*Problem:*
Return every entry exactly, except for any pictures.

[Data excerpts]
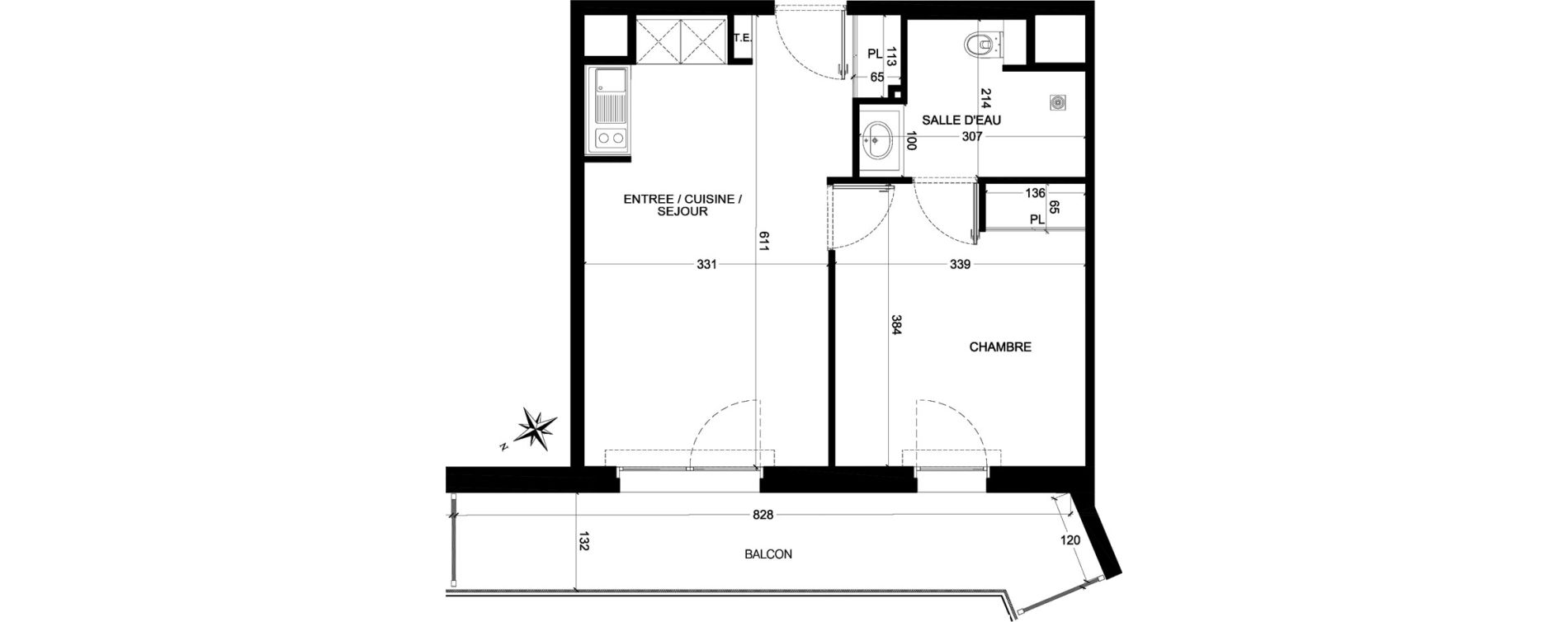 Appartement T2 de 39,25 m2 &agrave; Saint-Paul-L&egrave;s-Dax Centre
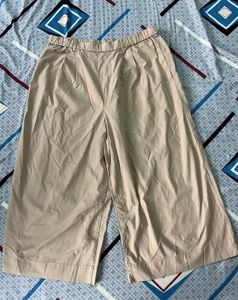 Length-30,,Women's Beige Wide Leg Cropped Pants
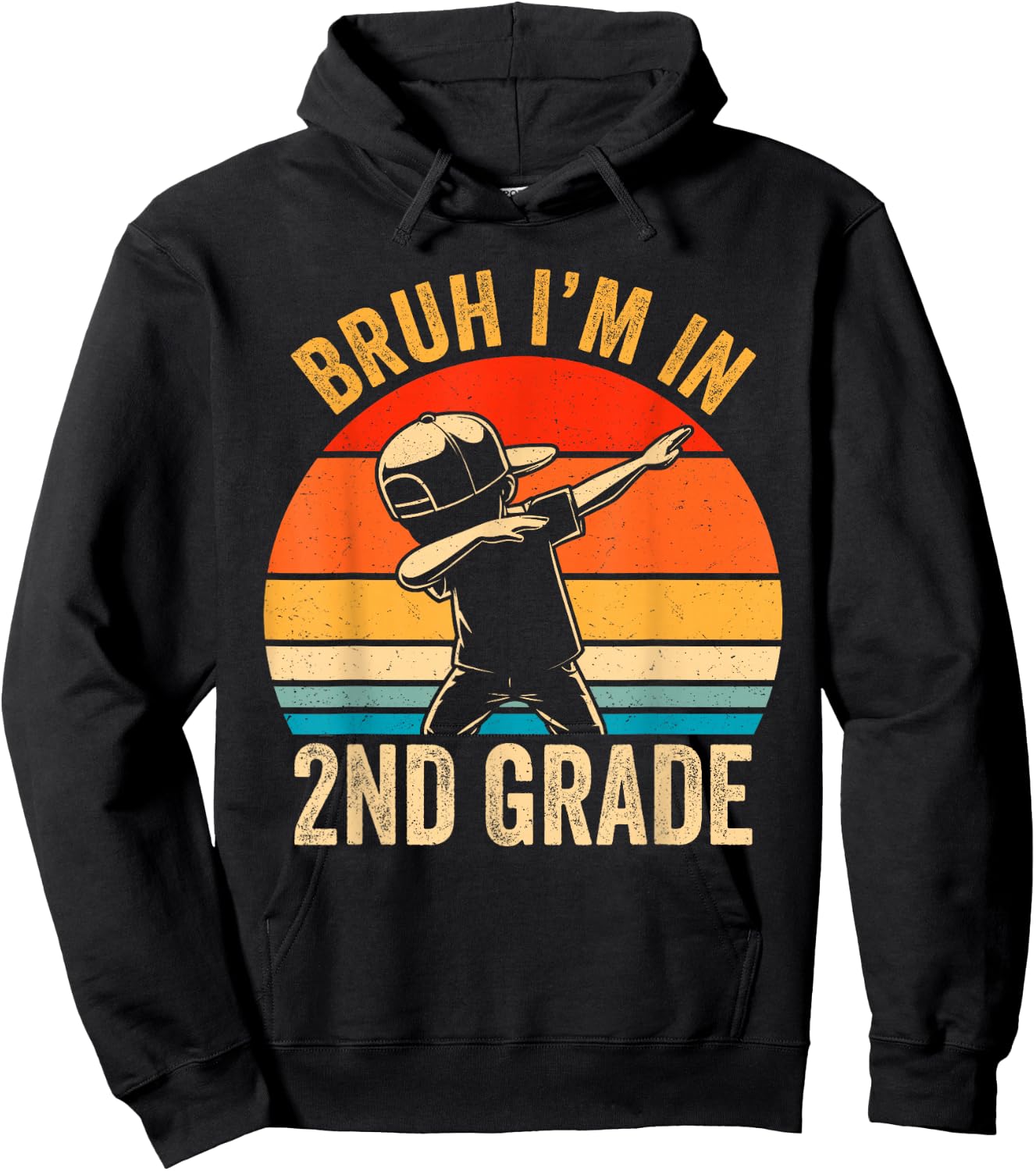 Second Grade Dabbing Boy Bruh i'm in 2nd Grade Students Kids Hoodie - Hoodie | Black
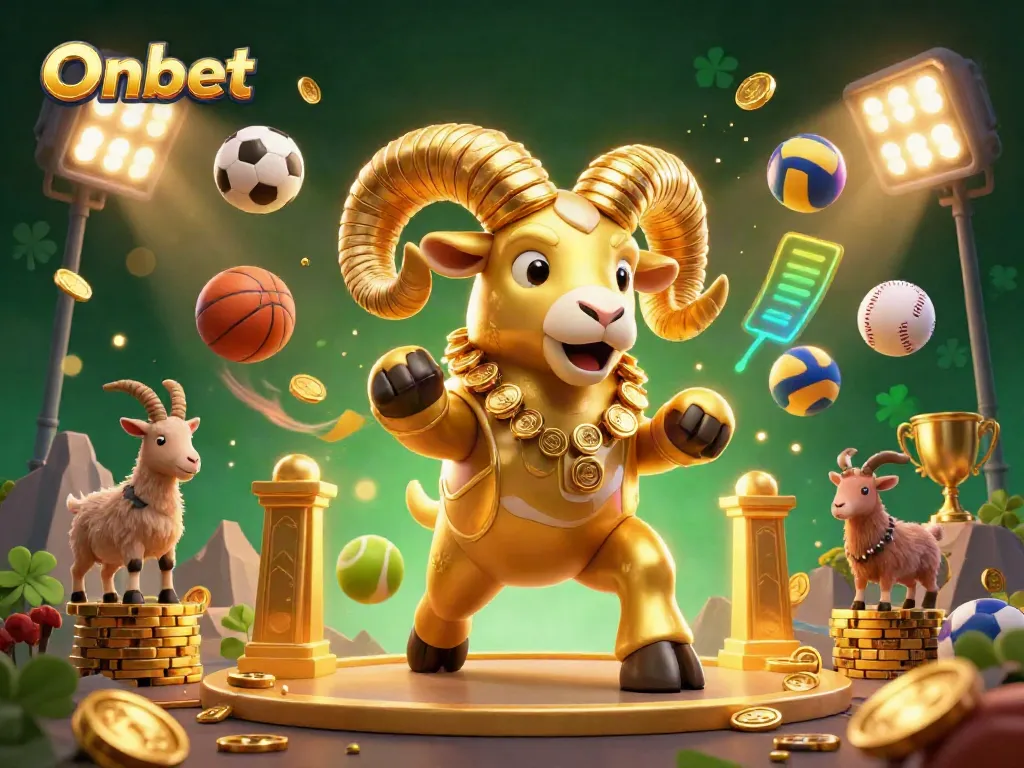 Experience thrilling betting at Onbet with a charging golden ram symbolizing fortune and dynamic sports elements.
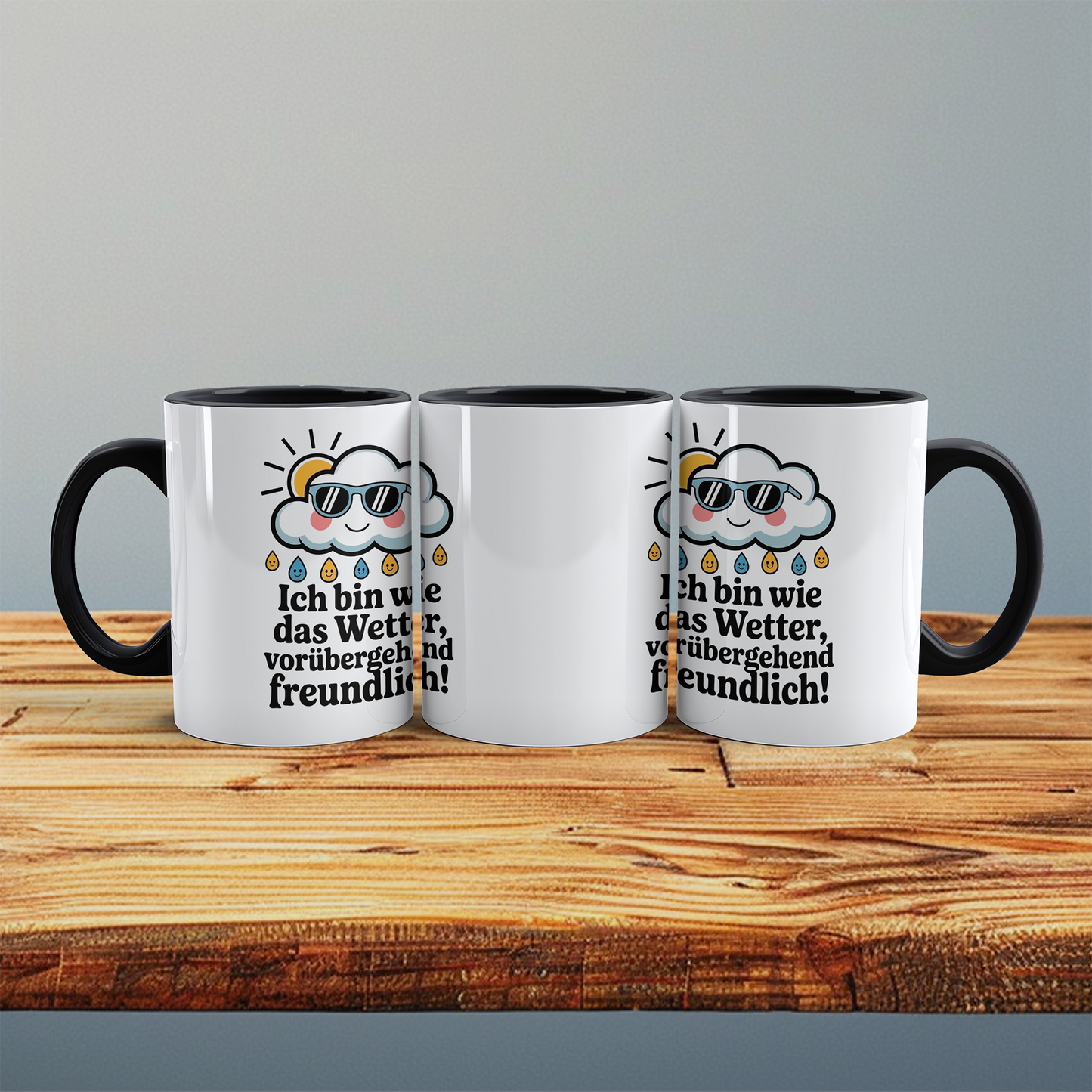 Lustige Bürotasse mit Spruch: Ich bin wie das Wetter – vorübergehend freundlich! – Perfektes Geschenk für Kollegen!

*Exercise answer:*
 Appartement T2 de 39,25 m2 &agrave; Saint-Paul-L&egrave;s-Dax Centre
 Length-30,,Women's Beige Wide Leg Cropped Pants
 Second Grade Dabbing Boy Bruh i'm in 2nd Grade Students Kids Hoodie - Hoodie | Black
 Experience thrilling betting at Onbet with a charging golden ram symbolizing fortune and dynamic sports elements.
 Lustige Bürotasse mit Spruch: Ich bin wie das Wetter – vorübergehend freundlich! – Perfektes Geschenk für Kollegen!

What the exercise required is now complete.